My friend bridled, took umbrage, flew into a state of the highest dudgeon imaginable. With finger wagging, she addressed the aging satyr: “Mister _____, I’ll have you know I was a Girl Scout. I’m no groupie! All I want is for you to put your signature on this piece of paper, for my friend, who idolizes you, though I can’t imagine why. He saw you play at _______.” She named a ballroom in Connecticut.

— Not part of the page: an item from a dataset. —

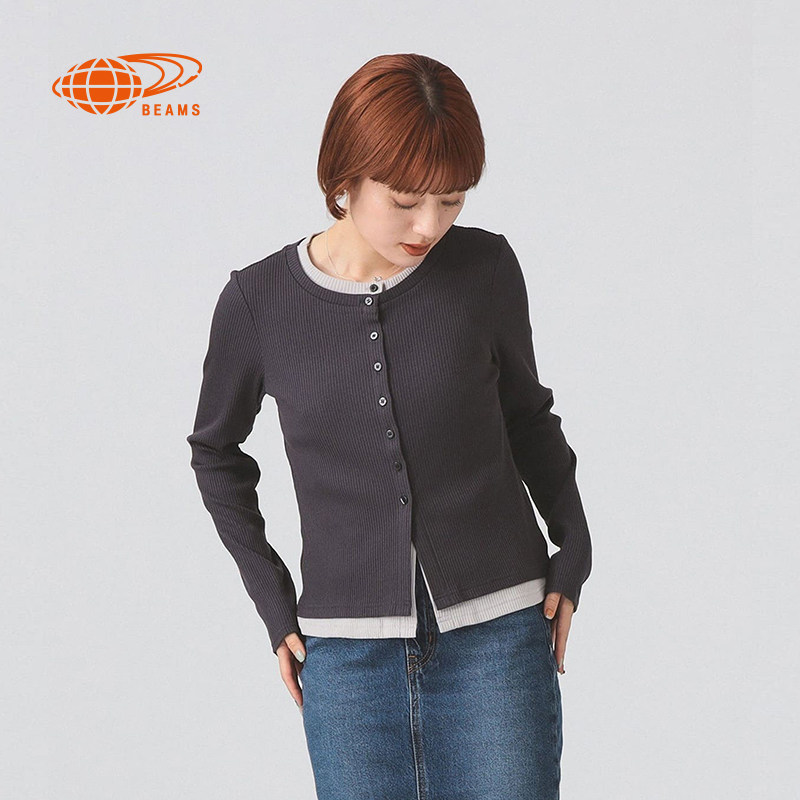 RAY BEAMS女装假两件针织开衫2025冬季新款时尚质感合身拼色外套,淘宝优惠券,粉丝福利购,淘宝优惠卷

By this point in his career, this performer had made the transition to nostalgia act without downsizing his headliner’s ego. Even Keith Richards, who considered himself deep in the man’s artistic debt (and who had managed to get along, more or less, with Mick Jagger for over two decades) found him hard to take. He had also been convicted of a sex crime. But something about my friend’s straight-backed rebuke brought out the rake’s gallant side. Picking up her reference, he asked, “That place is closed now, right?” My friend nodded, and the two fell into a pleasant conversation. After about half an hour, he signed her paper, and she left triumphant.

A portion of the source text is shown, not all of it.